Rediscovery and Other Poems, Kofi Awoonor’s first collection of poems, was published in 1964 by Mbari Press in Ibadan, Nigeria. By a significant coincidence, The Promise of Hope: New and Selected Poems, 1964–2013, is being released in 2014 by University of Nebraska Press, the first publication in the African Poetry Book Series. In many ways, the new collection offers a unique opportunity for critical retrospection, a backward glance over a half century of Awoonor’s distinguished career as a Guardian of the Sacred Word.
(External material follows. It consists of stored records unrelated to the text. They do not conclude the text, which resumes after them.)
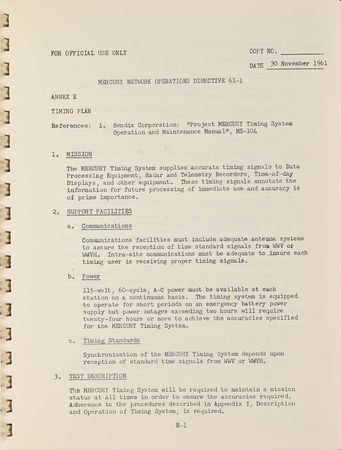 Lot #9148 Gene Kranz’s Mercury Manual - Image 4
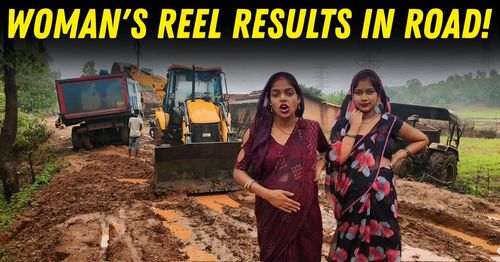 pregnant woman viral reel Madhya Pradesh road constructed featured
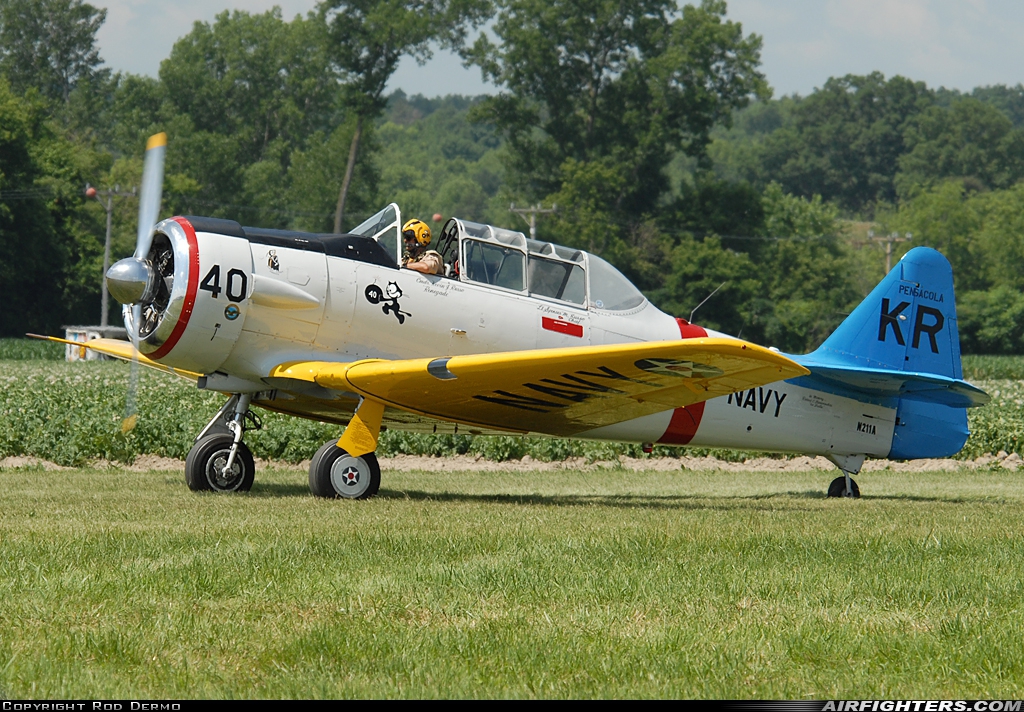 Private North American SNJ-6 Texan N211A at Geneseo (D52), USA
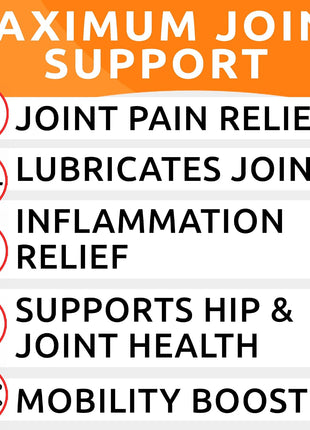 Glucosamine + Allergy Relief Bundle - Senior Advanced Joint Health + Itchy Skin Relief - Chondroitin, Omega-3 + Pumpkin, Enzymes - Hip & Joint Care + Seasonal Allergies - Immune Supplement - 240Ct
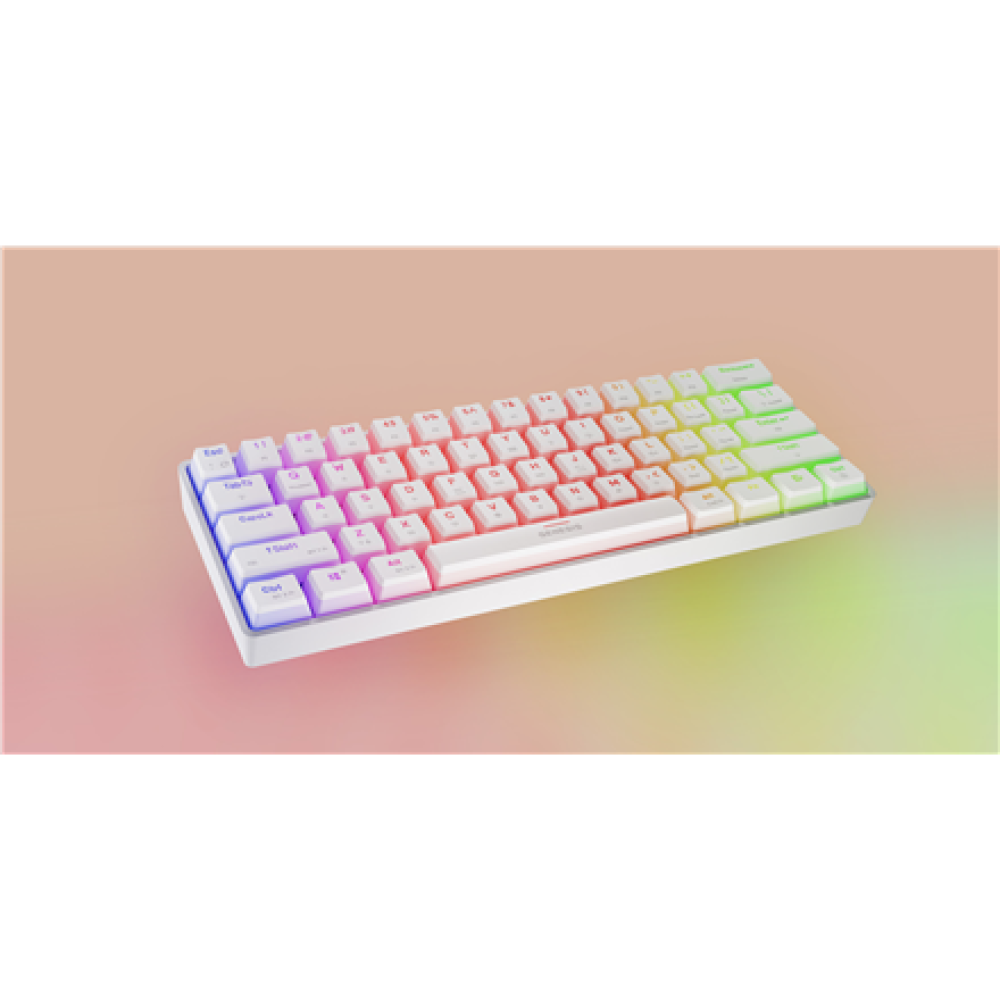 Genesis , THOR 660 G2 , Gaming keyboard , Wireless/Wired , US , White , 2.4 GHz, Bluetooth, USB , Tactile
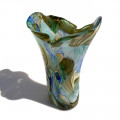 GENESIS green spotted modern vase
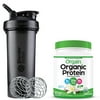 Orgain Keto Collagen, Gluten Free, Paleo Friendly Protein Powder, Chocolate (0.88 LB) with BlenderBottle Classic V2 45-Ounce Shaker Bottle for Protein Shakes, Black and Bonus Nutrition Basics Whisk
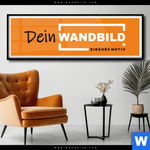 Poster Eigenes Motiv Panorama Produktvorschau mit dem Bild Eigenes Motiv im Format Panorama.
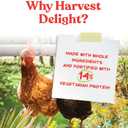 Manna Pro Harvest Delight Poultry Treat, Whole Grain & Seed Mix with Fruits & Vegetables, 14% Protein Snack for Chickens, Ducks & Mixed Flocks, 2.25 lb (EXP 10/01/26)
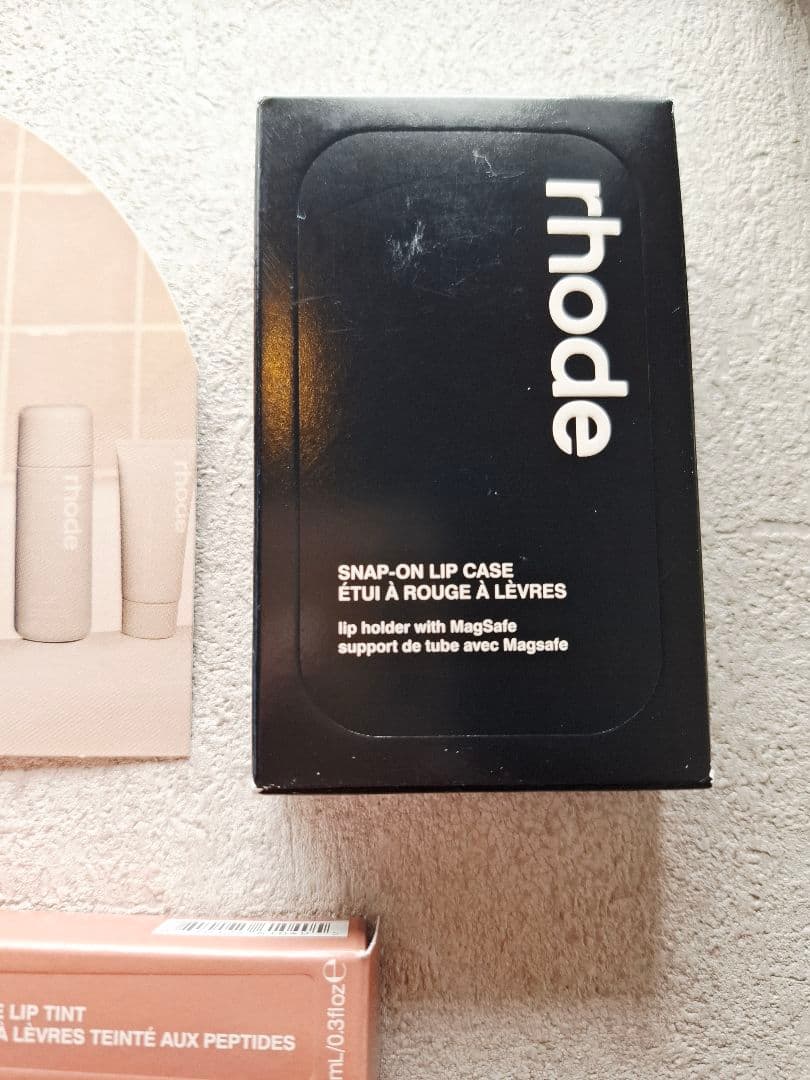 rhode snap-on lip case ＆peptide lip tint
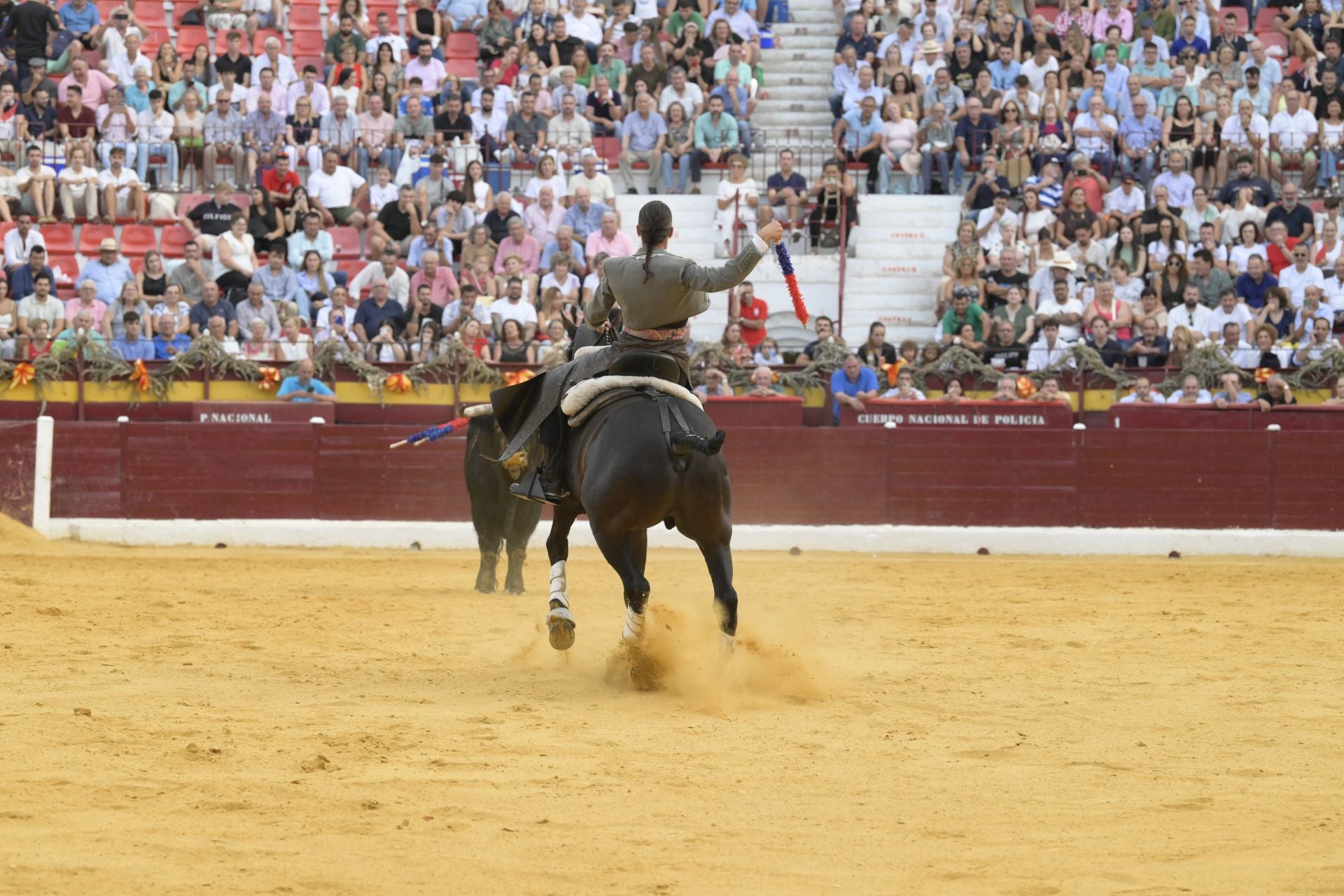 Las imágenes de la corrida de rejones de la Feria de Taurina de Murcia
The collection opens with poems that point us in two directions, to a reconciled past and to a future of new challenges and new possibilities. First, to a past where we meet poet and country, young as the new moon and filled with hope and the promise of hope. We see in that past many memorials of struggle, inviting a stroll across a landscape of birds and flowers strewn with graveyards. But we walk arm in arm with the poet, with little fear of mortality. We hold our breath as the poet looks across a new dawn and introduces us to Death holding out his own ‘inimitable calling card’ only to be ushered into
a homestead
resurrected with laughter and dance
and the festival of the meat
of the young lamb and the red porridge
of the new corn.
Here is a constant return to old familiar themes and subjects and the need to postpone dying ‘until the morning after freedom.’ So we find in ‘To Feed Our People’ a gentle plea with the pallbearers and mourners to hold back, just a little bit, while the poet persona attends to a few outstanding concerns:
I still have to meet the morning dew
a poem to write
a field to hoe
a lover to touch
and some consoling to do
I have to go [to India] and meet the sunset.
Above all, we must join the poet in ‘herding the lost lambs home.’ Only then can we pass on to a deserved ancestorhood.